October 05, 2016
Prior to the OPEC (Organization of the Petroleum Exporting Countries) meeting held on 28th September, oil traders have been speculating on whether oil demand will continue to increase, whether it will be a cold winter, what the impacts of Brexit will be and so on. But mostly the oil traders were speculating on the activities of OPEC and what was going to happen in the rumoured meetings.
At the beginning of September an “informal” OPEC meeting in Paris, came the news that a possible production output freeze was imminent.

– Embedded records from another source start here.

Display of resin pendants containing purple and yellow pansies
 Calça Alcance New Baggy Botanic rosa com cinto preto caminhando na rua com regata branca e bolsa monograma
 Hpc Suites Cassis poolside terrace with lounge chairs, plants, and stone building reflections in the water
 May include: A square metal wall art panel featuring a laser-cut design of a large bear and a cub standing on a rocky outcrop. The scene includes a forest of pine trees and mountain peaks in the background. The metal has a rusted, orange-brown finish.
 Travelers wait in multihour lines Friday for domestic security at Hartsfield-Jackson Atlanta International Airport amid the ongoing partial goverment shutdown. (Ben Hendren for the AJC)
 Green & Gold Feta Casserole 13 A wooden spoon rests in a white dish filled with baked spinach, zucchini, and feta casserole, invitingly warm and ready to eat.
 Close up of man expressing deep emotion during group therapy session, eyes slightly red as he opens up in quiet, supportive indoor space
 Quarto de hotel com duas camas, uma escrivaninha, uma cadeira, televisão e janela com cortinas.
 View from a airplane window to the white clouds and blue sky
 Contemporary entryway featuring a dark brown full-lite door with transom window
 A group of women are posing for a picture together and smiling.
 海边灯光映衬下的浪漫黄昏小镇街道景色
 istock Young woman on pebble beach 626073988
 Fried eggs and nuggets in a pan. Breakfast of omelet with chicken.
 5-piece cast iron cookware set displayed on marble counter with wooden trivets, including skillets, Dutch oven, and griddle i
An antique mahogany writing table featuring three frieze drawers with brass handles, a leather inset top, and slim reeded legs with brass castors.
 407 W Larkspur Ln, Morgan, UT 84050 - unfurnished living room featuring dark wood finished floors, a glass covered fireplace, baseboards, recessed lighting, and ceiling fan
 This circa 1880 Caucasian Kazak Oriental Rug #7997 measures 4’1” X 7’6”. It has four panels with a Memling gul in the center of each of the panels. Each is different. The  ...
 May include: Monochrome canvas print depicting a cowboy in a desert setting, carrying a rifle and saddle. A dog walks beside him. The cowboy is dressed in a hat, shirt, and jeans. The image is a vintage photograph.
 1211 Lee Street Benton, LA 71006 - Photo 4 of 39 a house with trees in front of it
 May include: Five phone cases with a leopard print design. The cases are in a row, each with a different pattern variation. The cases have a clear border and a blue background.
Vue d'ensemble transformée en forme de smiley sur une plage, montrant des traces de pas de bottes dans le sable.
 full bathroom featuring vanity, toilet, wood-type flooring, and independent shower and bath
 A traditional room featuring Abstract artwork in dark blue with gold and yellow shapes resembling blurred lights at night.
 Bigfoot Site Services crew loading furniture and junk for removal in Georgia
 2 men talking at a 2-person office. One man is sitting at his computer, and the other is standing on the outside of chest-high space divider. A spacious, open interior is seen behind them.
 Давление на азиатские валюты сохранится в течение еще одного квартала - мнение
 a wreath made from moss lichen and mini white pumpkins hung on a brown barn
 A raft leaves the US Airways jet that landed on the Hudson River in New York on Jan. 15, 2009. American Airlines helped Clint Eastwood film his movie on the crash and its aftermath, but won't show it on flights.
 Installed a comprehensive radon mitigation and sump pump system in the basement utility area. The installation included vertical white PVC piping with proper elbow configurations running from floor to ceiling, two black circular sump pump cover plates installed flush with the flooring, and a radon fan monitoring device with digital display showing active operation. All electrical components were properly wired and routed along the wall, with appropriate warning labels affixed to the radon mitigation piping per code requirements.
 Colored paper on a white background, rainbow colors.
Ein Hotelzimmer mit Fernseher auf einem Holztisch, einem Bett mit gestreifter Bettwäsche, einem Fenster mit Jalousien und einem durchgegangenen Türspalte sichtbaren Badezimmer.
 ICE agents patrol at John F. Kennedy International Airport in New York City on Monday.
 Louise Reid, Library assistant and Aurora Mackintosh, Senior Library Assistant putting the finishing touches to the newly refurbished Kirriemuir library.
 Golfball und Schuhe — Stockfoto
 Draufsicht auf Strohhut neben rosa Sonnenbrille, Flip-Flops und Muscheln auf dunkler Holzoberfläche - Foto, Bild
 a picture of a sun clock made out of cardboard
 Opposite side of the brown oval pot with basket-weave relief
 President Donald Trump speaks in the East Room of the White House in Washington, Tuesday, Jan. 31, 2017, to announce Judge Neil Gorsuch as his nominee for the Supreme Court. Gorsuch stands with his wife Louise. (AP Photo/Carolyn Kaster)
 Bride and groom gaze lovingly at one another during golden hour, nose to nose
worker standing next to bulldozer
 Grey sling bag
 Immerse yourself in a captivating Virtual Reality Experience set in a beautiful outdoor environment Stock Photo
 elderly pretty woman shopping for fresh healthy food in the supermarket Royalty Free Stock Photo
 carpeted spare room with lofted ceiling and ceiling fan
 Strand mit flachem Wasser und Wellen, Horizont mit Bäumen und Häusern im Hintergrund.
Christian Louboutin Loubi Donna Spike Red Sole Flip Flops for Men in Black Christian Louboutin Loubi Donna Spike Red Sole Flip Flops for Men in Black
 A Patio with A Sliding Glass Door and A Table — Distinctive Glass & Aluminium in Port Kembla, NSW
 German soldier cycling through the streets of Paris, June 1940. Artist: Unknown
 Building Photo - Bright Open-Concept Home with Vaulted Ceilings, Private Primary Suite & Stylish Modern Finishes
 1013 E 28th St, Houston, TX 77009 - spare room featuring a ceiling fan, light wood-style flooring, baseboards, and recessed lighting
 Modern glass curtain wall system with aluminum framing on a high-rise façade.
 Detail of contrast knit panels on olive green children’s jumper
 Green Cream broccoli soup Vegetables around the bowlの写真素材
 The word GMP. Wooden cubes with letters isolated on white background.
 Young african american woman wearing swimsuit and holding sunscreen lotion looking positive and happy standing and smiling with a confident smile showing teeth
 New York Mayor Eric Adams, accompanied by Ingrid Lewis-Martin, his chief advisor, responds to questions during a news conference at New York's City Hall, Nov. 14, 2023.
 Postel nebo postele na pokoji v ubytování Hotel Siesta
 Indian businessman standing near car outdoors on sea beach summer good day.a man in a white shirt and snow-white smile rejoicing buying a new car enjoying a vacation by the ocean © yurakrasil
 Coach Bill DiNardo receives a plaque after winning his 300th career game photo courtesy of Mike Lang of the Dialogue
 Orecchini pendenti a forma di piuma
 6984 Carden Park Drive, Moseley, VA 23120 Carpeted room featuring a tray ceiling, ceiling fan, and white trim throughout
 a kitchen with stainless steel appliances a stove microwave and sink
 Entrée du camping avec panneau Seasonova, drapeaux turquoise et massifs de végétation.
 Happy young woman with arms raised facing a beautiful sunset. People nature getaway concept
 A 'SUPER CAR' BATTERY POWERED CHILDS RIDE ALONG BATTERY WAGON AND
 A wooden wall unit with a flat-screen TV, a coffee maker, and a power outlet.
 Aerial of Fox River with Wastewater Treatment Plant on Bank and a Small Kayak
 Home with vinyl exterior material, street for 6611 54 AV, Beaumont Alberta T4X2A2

Oil prices promptly headed sharply upwards, but after a vague post-meeting announcement, this soon ran out of steam and prices tumbled back down and fell to a lower level than before the rally started.
Another OPEC meeting (this time including Russia) was then scheduled for 28th September, and it was agreed that for the first time in eight years, the production of crude oil will be cut. As you can imagine, this saw prices act accordingly (up), but even though prices have started to rise, they are still lower than OPEC members want and the continued low oil prices have had a devastating effect.
The other option is the much talked about output freeze (which has now happened). In the short-term, such a move would probably push prices into the $50 - $60 range. After that, an output freeze would only prevent the world supply glut increasing in size and would do nothing to fundamentally address the overall supply versus demand imbalance. Don’t forget, the ever looming shadow of shale oil. Due to the tumbling oil prices, this part of the industry has reacted impressively with labour and rig rental costs being dramatically reduced. The result is that overheads for US shale operations are down by 65% since 2014 and with no public infrastructure projects to worry about, many shale oilers are still making a pretty decent living at $50 per barrel.
Now the OPEC production freeze has become a reality, this may be the green light for even more shale oilers to come back into the market.